Finally, we compute the value \(\phi _{pi}\) at an internal triangle \(\bar{e}_i \subset e_f\), \(f\in {\mathcal {F}}_p\), in (A3) using the average-based gradient and the upwind principle:

$$\begin{aligned} \begin{aligned} \phi _{pi} = {\left\{ \begin{array}{ll} \phi _p + {\mathcal {D}}_p \phi \cdot (\bar{{\textbf{x}}}_i - {\textbf{x}}_p) &{}\quad \text {if } \,\, a_{pi} \ge 0,\\ \phi _q + {\mathcal {D}}_q \phi \cdot (\bar{{\textbf{x}}}_i - {\textbf{x}}_q) &{}\quad \text {if } \,\, a_{pi} < 0 , \end{array}\right. } \end{aligned} \end{aligned}$$

(A6)

where the neighbor cell index \(q \in {\mathcal {I}}\) is such that \(e_f \subset \partial \Omega _p \cap \partial \Omega _q\). The value \(\phi _{pi}\) at a boundary triangle \(\bar{e}_i \subset e_b\), \(b\in {\mathcal {B}}_p\), in (A3) is computed by

$$\begin{aligned} \begin{aligned} \phi _{pi} = {\left\{ \begin{array}{ll} \phi _p + {\mathcal {D}}_p \phi \cdot (\bar{{\textbf{x}}}_i - {\textbf{x}}_p) &{}\quad \text {if } \,\, a_{pi} \ge 0,\\ \phi _{bi} &{}\quad \text {if } \,\, a_{pi} < 0, \end{array}\right. } \end{aligned} \end{aligned}$$

(A7)

where \(\phi _{bi} \equiv \phi _b(\bar{{\textbf{x}}}_i)\) from Dirichlet boundary condition.
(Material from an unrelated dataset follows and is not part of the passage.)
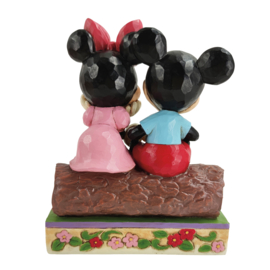 Mickey & Minnie Campfire  H14,5cm Jim Shore 6011938 Kampvuur , retired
We finally obtain the spatial discretization from (A6) and (A7):

$$\begin{aligned} \begin{aligned} \int _{\Omega _p} \frac{\partial \phi }{\partial t} =&-\sum _{i \in \bar{{\mathcal {F}}}^{-}_{p}} \left( \phi _q + {\mathcal {D}}_q \phi \cdot {\textbf{d}}_{qi} - \phi _p \right) a_{pi} - \sum _{i \in \bar{{\mathcal {F}}}^{+}_{p}} \left( {\mathcal {D}}_p \phi \cdot {\textbf{d}}_{pi} \right) a_{pi} \\&- \sum _{i \in \bar{{\mathcal {B}}}^{-}_{p}} \left( \phi _{bi} - \phi _p \right) a_{pi} - \sum _{i \in \bar{{\mathcal {B}}}^{+}_{p}} \left( {\mathcal {D}}_p \phi \cdot {\textbf{d}}_{pi} \right) a_{pi}, \end{aligned} \end{aligned}$$

(A8)

where \(\bar{{\mathcal {F}}}^{-}_{p}\) and \(\bar{{\mathcal {B}}}^{-}_{p}\) are the subsets of \(\bar{{\mathcal {F}}}_p\) and \(\bar{{\mathcal {B}}}_p\) with \(a_{pi} < 0\), respectively, and \(\bar{{\mathcal {F}}}^{+}_{p} \equiv \bar{{\mathcal {F}}}_p {\setminus } \bar{{\mathcal {F}}}^{-}_{p}\), \(\bar{{\mathcal {B}}}^{+}_{p} \equiv \bar{{\mathcal {B}}}_p {\setminus } \bar{{\mathcal {B}}}^{-}_{p}\).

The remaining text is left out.